Covariance Type:            nonrobust   LLR p-value:                  0.007616
                     coef    std err          z      P>|z|      [0.025      0.975]
----------------------------------------------------------------------------------
const             -0.3678      0.008    -46.462      0.000      -0.383      -0.352
Prev Shot Made   

### Conditional Probabilities

In [26]:
cond_probs = df_clean.groupby('Prev Shot Made')['Shot Made'].mean()
print(cond_probs)


Prev Shot Made
0.0    0.409081
1.0    0.401208
Name: Shot Made, dtype: float64


## Conclusion

### Results Next Steps

The results of my initial analysis suggest that while the effect of the previous shot outcome on the current shot being made is statistically significant, the **magnitude of this effect is minimal**. The coefficient for the previous shot made variable in the logistic regression is negative and small, and the model’s pseudo R² value is virtually zero. This indicates that although there may be some dependency between successive shots, this relationship **explains almost none of the variation** in shot outcomes.

This finding is somewhat surprising to me, especially given my personal belief in the existence of the "hot hand" phenomenon. Intuitively, we often perceive players to go on streaks—making multiple shots in a row—suggesting a temporary boost in performance or confidence. Yet the data, at this level of analysis, appear to contradict that narrative.
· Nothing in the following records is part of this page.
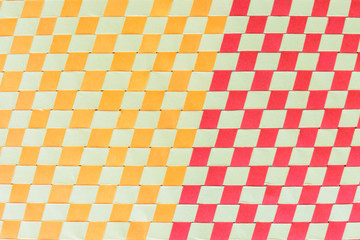 Yellow and red pattern
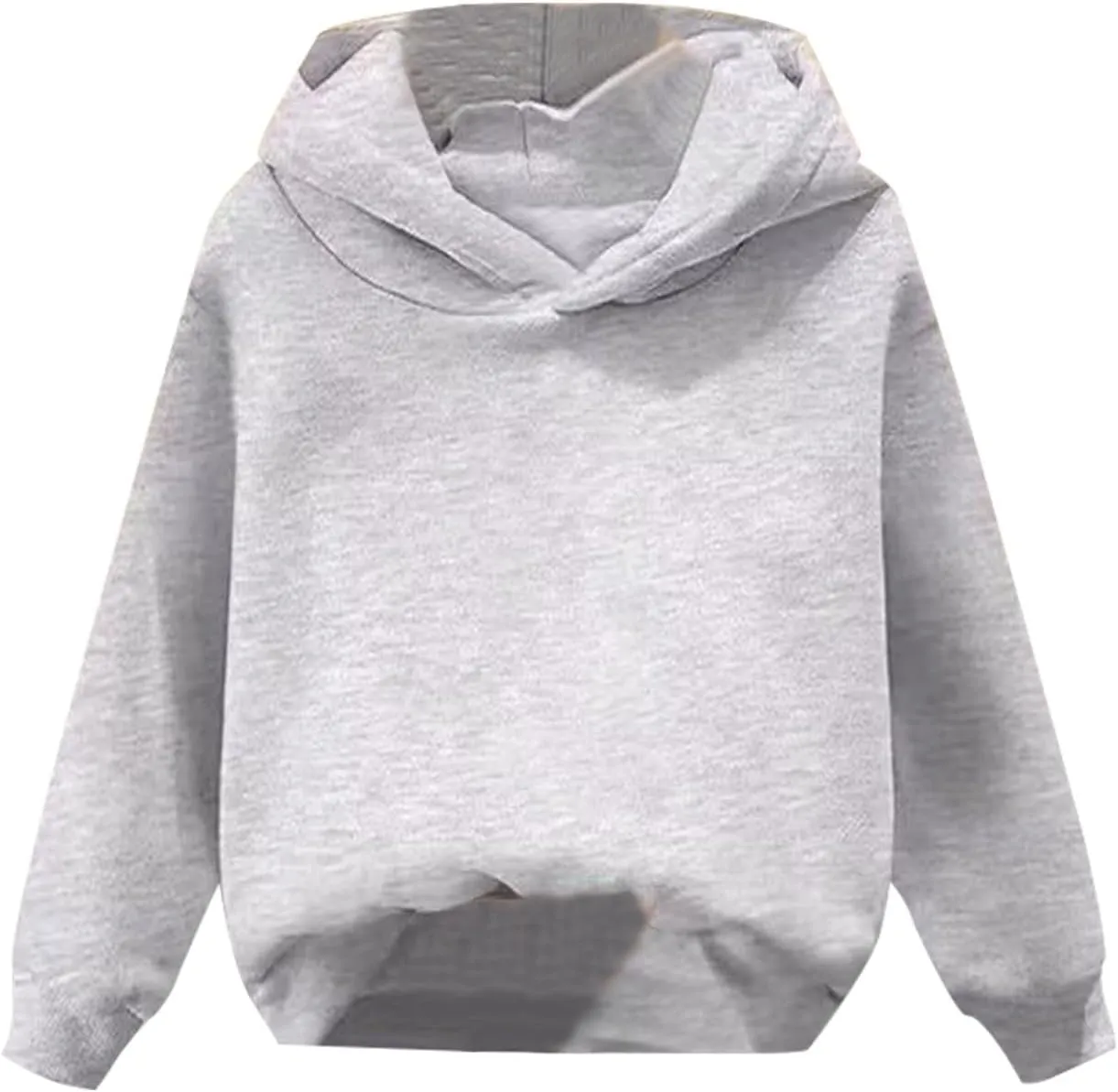 Baby Boys Girls Solid Casual Hoodies Oversized Long Sleeve Hooded Sweatshirts Soft Clothes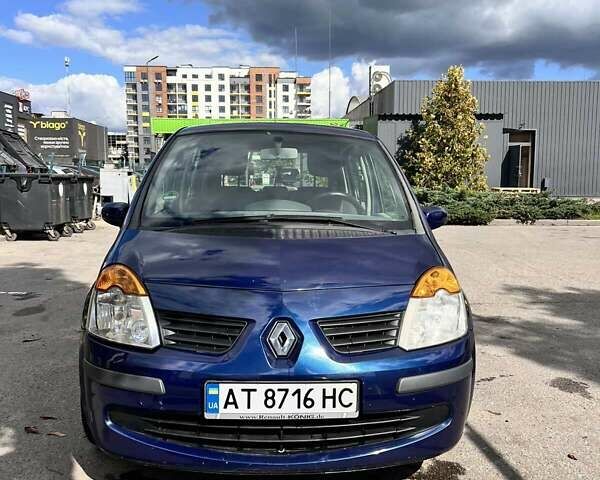 Синий Рено Модус, объемом двигателя 1.6 л и пробегом 163 тыс. км за 3800 $, фото 1 на Automoto.ua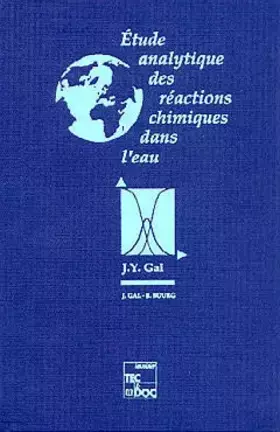 Couverture du produit · Etude analytique des réactions chimiques dans l'eau
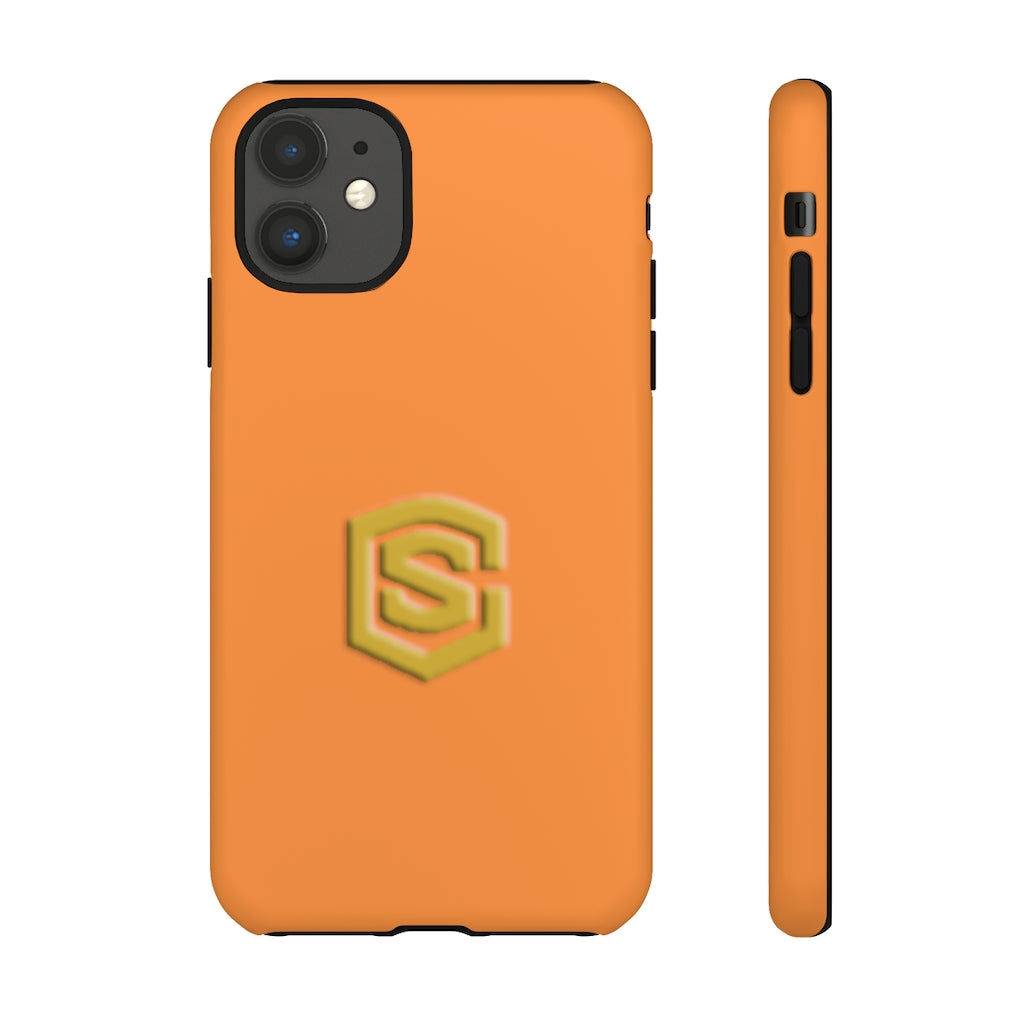 Orange Tough Cases Gold Logo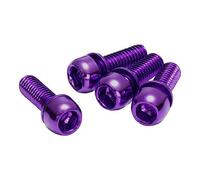 Reverse Lot de 4 freins à disque M6 x 18 mm Violet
However, this discrepancy between perception and statistical evidence has been a well-documented tension in previous research, and it likely stems from the **high degree of variability in shot outcomes**. Factors such as shot distance, defensive pressure, game context, and individual shooting style introduce a significant amount of noise that may obscure more subtle sequential patterns. Without accounting for these confounding variables, it becomes difficult to isolate the true effect of a prior shot on subsequent performance.

---

### Improving the Model

Given the size of the dataset, I believe there is an opportunity to refine the analysis by **reducing variation and improving control variables**. A more targeted approach could yield more meaningful insights. For instance, a promising direction would be to:

- **Narrow the analysis to specific shot types**, such as pull-up three-pointers, where mechanics and decision-making are more consistent.
- **Limit the player sample** to those who attempt a high volume of three-pointers per game (e.g., at least 5 attempts per game). This would reduce inter-player variability and focus the analysis on players more likely to exhibit streaky behavior.
- **Include more contextual variables**, such as time remaining on the shot clock, game quarter, or score differential, which could affect shot quality and decision-making.
- **Incorporate player fixed effects** in the model to control for individual shooting tendencies and ability. This would allow the model to focus on within-player variation rather than being dominated by differences between players.
- Consider using **sequence-based models**, such as Markov chains or hidden Markov models, which may be better suited to capturing streaky behavior and underlying "hot" or "cold" shooting states.

---

### Final Thoughts

In sum, the current analysis suggests that the hot hand effect is not strongly supported by a simple logistic regression using all shot types and players. However, this does not rule out its existence. Instead, it highlights the importance of controlling for **context and player-level effects** in uncovering more nuanced performance patterns. Future work will focus on refining the dataset and model to better account for variability and test the hot hand hypothesis under more controlled and realistic conditions.